■ SOURCE MATERIAL
━━━━━━

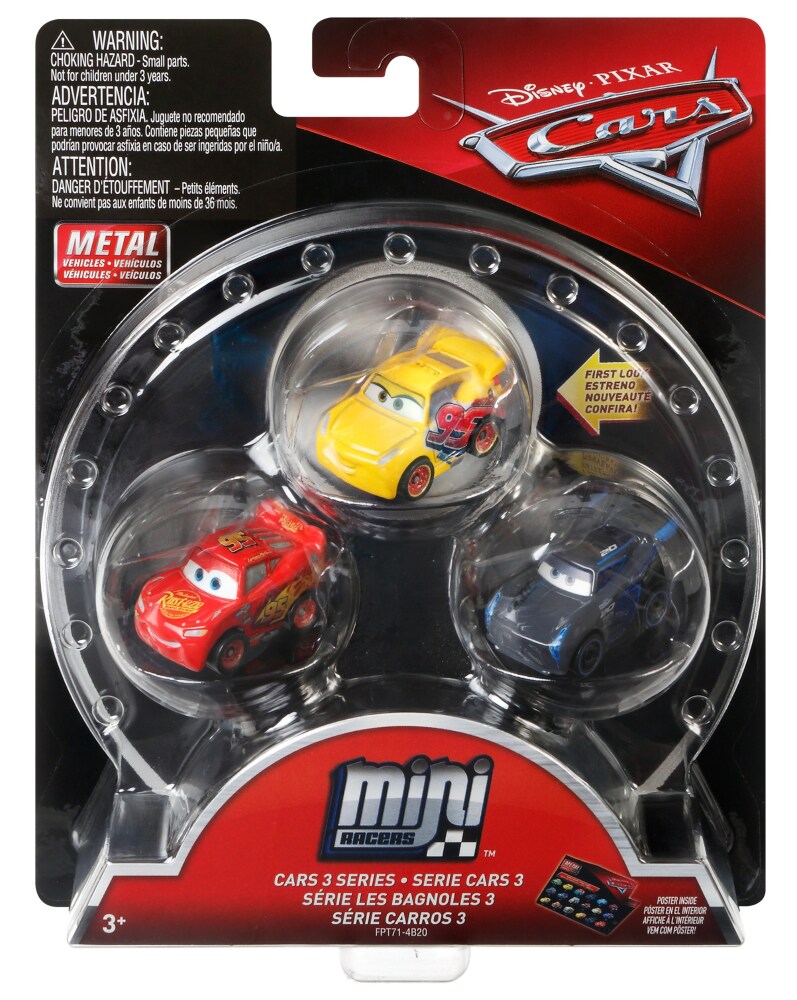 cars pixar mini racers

━━━━━━

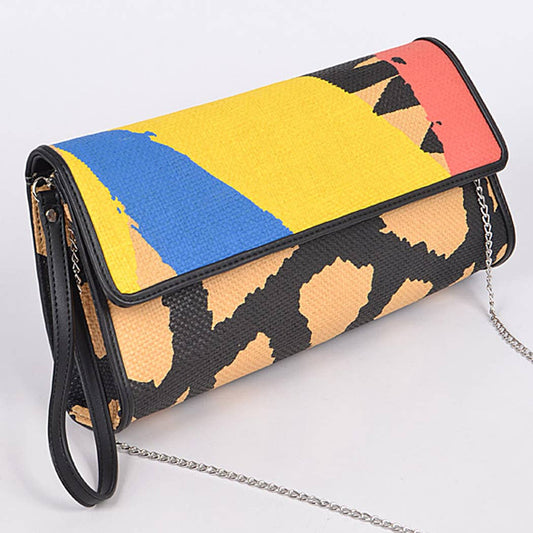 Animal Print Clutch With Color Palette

━━━━━━

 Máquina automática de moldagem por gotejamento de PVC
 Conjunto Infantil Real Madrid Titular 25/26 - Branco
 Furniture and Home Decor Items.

━━━━━━

■ WORK INSTRUCTIONS
Using the data above, print exactly the lines from the line that contains "Máquina automática de" through the line that contains "Furniture and Home Decor Items.", with both included.

■ REPLY TO THE TASK
 Máquina automática de moldagem por gotejamento de PVC
 Conjunto Infantil Real Madrid Titular 25/26 - Branco
 Furniture and Home Decor Items.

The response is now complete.